■ WORK REQUIRED:
Set down the data below word for word, and leave the images aside.

■ PROVIDED MATERIAL:
========

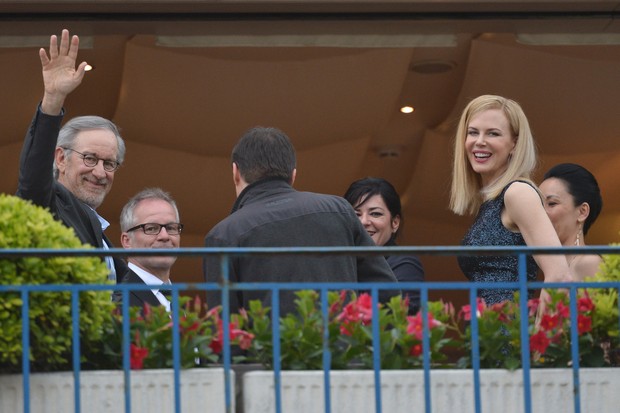 Steven Spielberg e Nicole Kidman em Cannes (Foto: AFP)
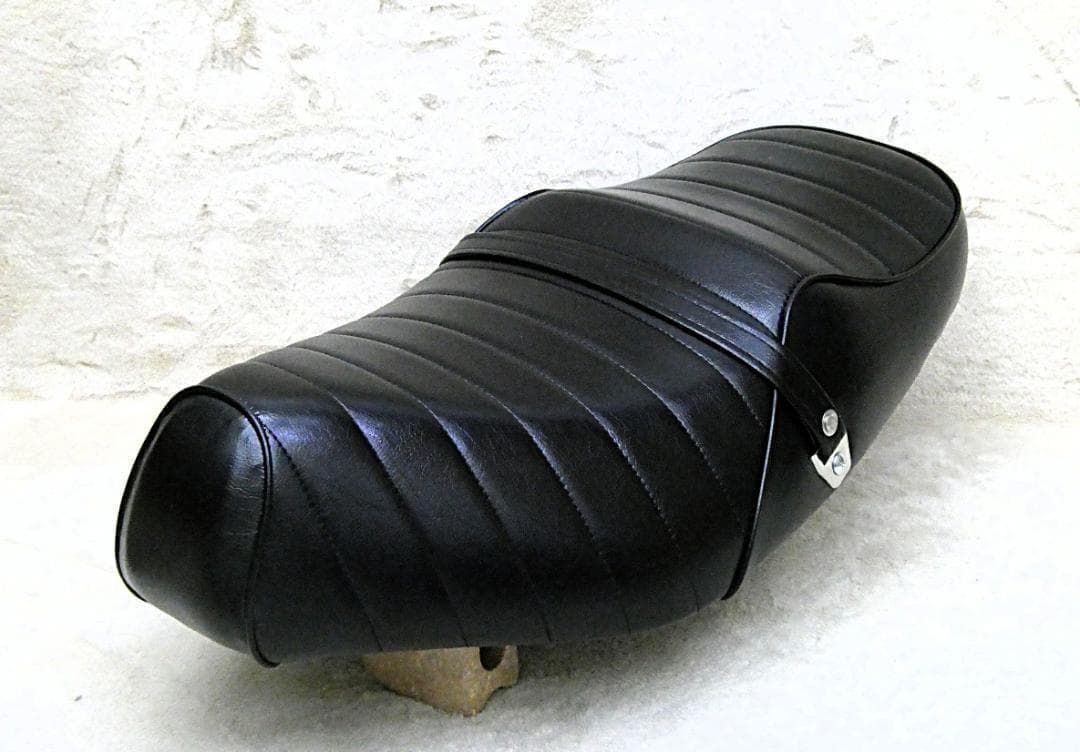 アドレスV125 黒皮 タックロールシート - メルカリ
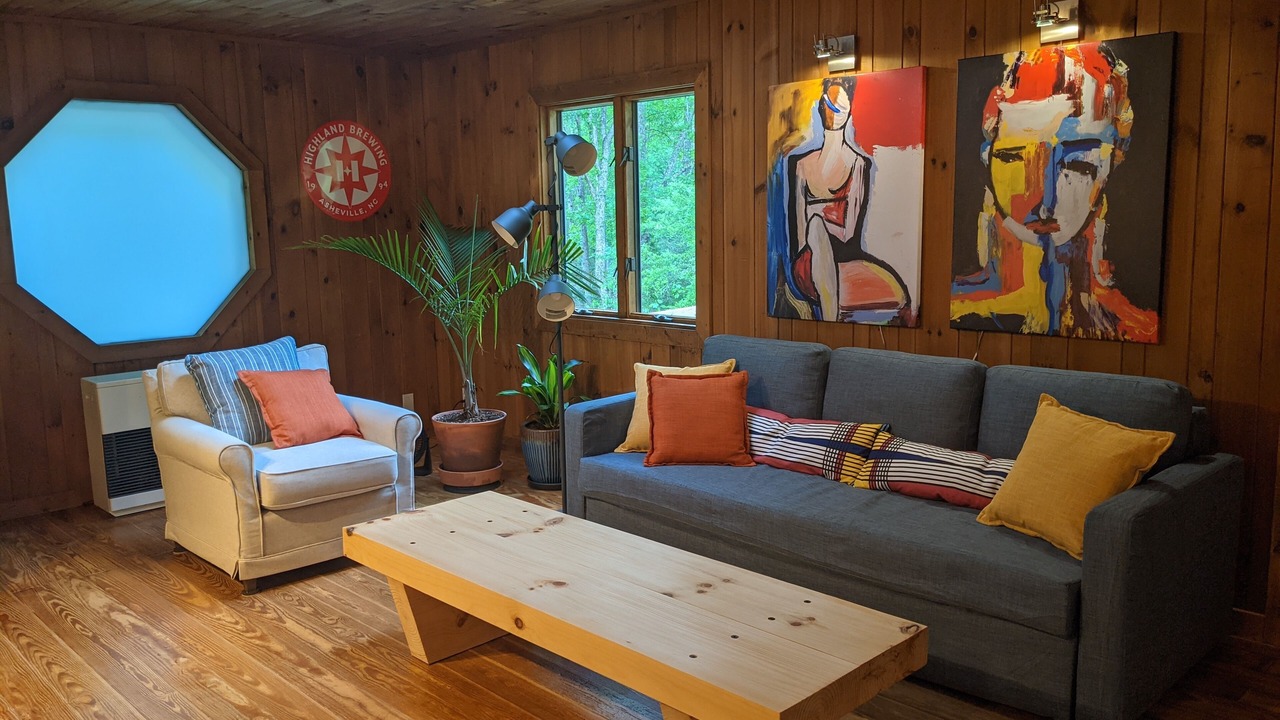 Photo of Livingroom in Boone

========

■ THE COMPLETED TASK:
 Steven Spielberg e Nicole Kidman em Cannes (Foto: AFP)
 アドレスV125 黒皮 タックロールシート - メルカリ
 Photo of Livingroom in Boone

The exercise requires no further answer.